Trinity SUnday Sermon



“Holy! Holy! Holy! Is the Lord…” sing the Seraphim. The holiness of God is a reminder that God is beyond us! The Hebrew word, Qadowsh, appears 116 times in the Jewish Bible. It refers to people (saints) and objects set aside to God’s service. It conveys the idea of clean, pure and unpolluted. Yet, we see that all holiness is derived. God is holy, we are holy by “participation” in God’s holiness. The identity of God, however, becomes an expectation for us. In Leviticus 11:44-45 we read

“For I am the LORD your God; consecrate yourselves therefore, and be holy, for I am holy. You shall not defile yourselves…..” (an idea repeated in

Leviticus 11:45; 19:2;and 21:8.)


The words of Isaiah about the three times Holy God were considered a declaration of the Trinity in the early church. Ambrose, Fulgentius, Theodoret, Cyril of Alexandria, and Jerome (from the time period of the late 300’s to mid 400’s) each declared this in their own sermons and writings.

Dating prior to them, the first great scripture scholar of the church, Origen (185-254), said that his “Hebrew teacher used to say that the two seraphim…were to be understood to mean the only begotten Son of God and the Holy Spirit.” Those who knew Jesus saw a new depth in the Jewish text.

Such views may seem to us to be an over-reach, but the Jewish understanding of the Bible six hundred years before this included the belief that there is a depth in God's word, that He communicates and we must go through layer after layer to discover all that is there. The early church, with its metaphorical, spiritual and allegorical readings of Scripture, merely continue the same approach. The mystery of God is deep in His revelation to us, and it goes deeper and deeper the more we dig!

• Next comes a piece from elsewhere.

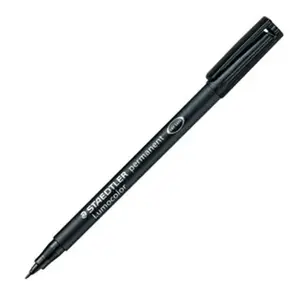 Permanent marker Staedtler 314-9 — black ink, polypropylene barrel, single piece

Let us be clear, the doctrine of the Trinity is a mystery; even if I could explain the Trinity to you it wouldn’t matter--because you (and I) could not understand the explanation. It is a mystery but religion is not the only place where mystery can be found. Our world is full of such mysteries. The list of things we do not understand goes on and on. Math reveals that we live in a world of eleven dimensions, barely one third of which we understand. Time is called an illusion by scientists, where past, present and future are simultaneous. Nature abounds with mysteries. We know ”that” things are, but we cannot understand “why” or “how.” If this is true of our physical world, then it is even more true of discussions about God. The mystery of three and one is just that, a mystery. A mystery which lies hidden in the Biblical texts of the Jews, but a reality which faith can find!
The problem is, it is hard to believe. And in an age of unbelief, not believing becomes more and more the norm, and an increasingly hostile, angry and aggressive norm. “How can this be?” the doubters mockingly ask. Yet such a question is found today on the lips of the teacher Nicodemus. There is nothing new in the skeptics disdain, unbelief is ancient, too. In the Gospel of John Jesus asks, “if I told you about earthly things and you do not believe, how can you believe it I tell you about heavenly things?”
You and I are believing recipients of a divine revelation. The rest have rejected it, perhaps based on the claim that “they want to believe but they cannot.” I believe this is an error about what faith is.
Faith is not Understanding.
Faith is not knowledge.
Faith is not a feeling or emotion.
 
Faith is Trust.
It is, in the end, a gift and submission of one’s self to the Other. And what can be more ‘other’ than a God Who is Father, Son and Holy Spirit--one God--three persons?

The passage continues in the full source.